Г.Г. Хмуркин (ИИЕТ им. С.И. Вавилова РАН, МГТУ) в докладе "Особенности индийской математики (по трактату Махавирачарьи "Gaṇitasārasarhgraha" - "Собрание основных положений науки о вычислениях", IX в.)" отметил, что в Индии с середины 1-го тыс. н.э. расцветает "точная наука", представляющая собою смесь математики, астрономии и астрологии. Примерно в IX в. происходит выделение математики в самостоятельное направление. Именно к этому времени относится трактат Махавирачарьи, который является первой в истории индийской мысли работой, посвященной исключительно математике. Основываясь на материале трактата, докладчик рассмотрел особенности средневековой индийской математики: 1) стихотворное построение текста; 2) предельная лаконичность формулировок математических правил, породившая обширную комментаторскую традицию; 3) отсутствие доказательств (до середины 2-го тыс.); 4) использование нумерационных систем с основанием 10; 5) богатая синонимия и омонимия математической лексики.

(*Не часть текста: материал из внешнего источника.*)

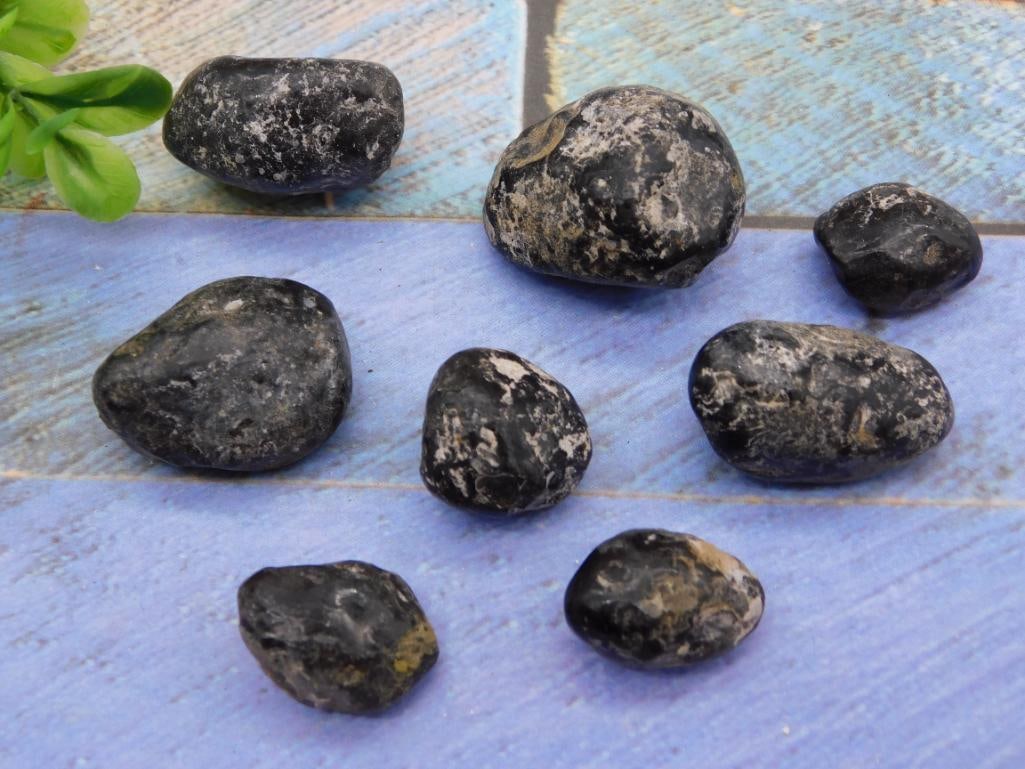 APACHE TEARS ROCK STONE LAPIDARY SPECIMEN: APACHE TEARS ROCK STONE LAPIDARY SPECIMEN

Е.В. Тюлина (ИВ РАН) в докладе "Принципы классификаций и организации материала в текстах по архитектуре (васшувидье) в пуранах" выделила самые важные, с ее точки зрения, схемы и матрицы, использовавшиеся в данных текстах для описаний и объяснений разных явлений (устройства участка для строительства; классификаций материалов, зданий, растений; описаний веществ для подношений; флагов и штандартов; водоемов; устройства города и т.д.). По ее мнению, все схемы сводятся к трем основным: 1) описанию согласно расположению по сторонам света; 2) описанию согласно антропоморфному образу, когда объекты соотносятся с различными органами человека; 3) описанию согласно схеме первичного творения, т.е. соединения трех гун (саттвы, раджаса и тамаса) и пяти элементов - таттв (пространства, ветра, огня, воды, земли). Все схемы могут использоваться в сильно редуцированном и в развернутом
виде. Так, согласно антропоморфному образу, вертикальные объекты (храм, статуя, лингам, колона, штандарт и т.д.) могут описываться кратко (что соотносится со стопами, пупом и головой). Однако есть и очень подробные описания, например - описание статуи, где на нескольких страницах перечисляются измерения различных ее частей, вплоть до фаланг пальцев. Часто упомянутые схемы накладываются друг на друга и преобразуются, как, например, в "Агнипуране" в известных описаниях антропоморфного образа храма (глава 61) и устройства города (глава 106).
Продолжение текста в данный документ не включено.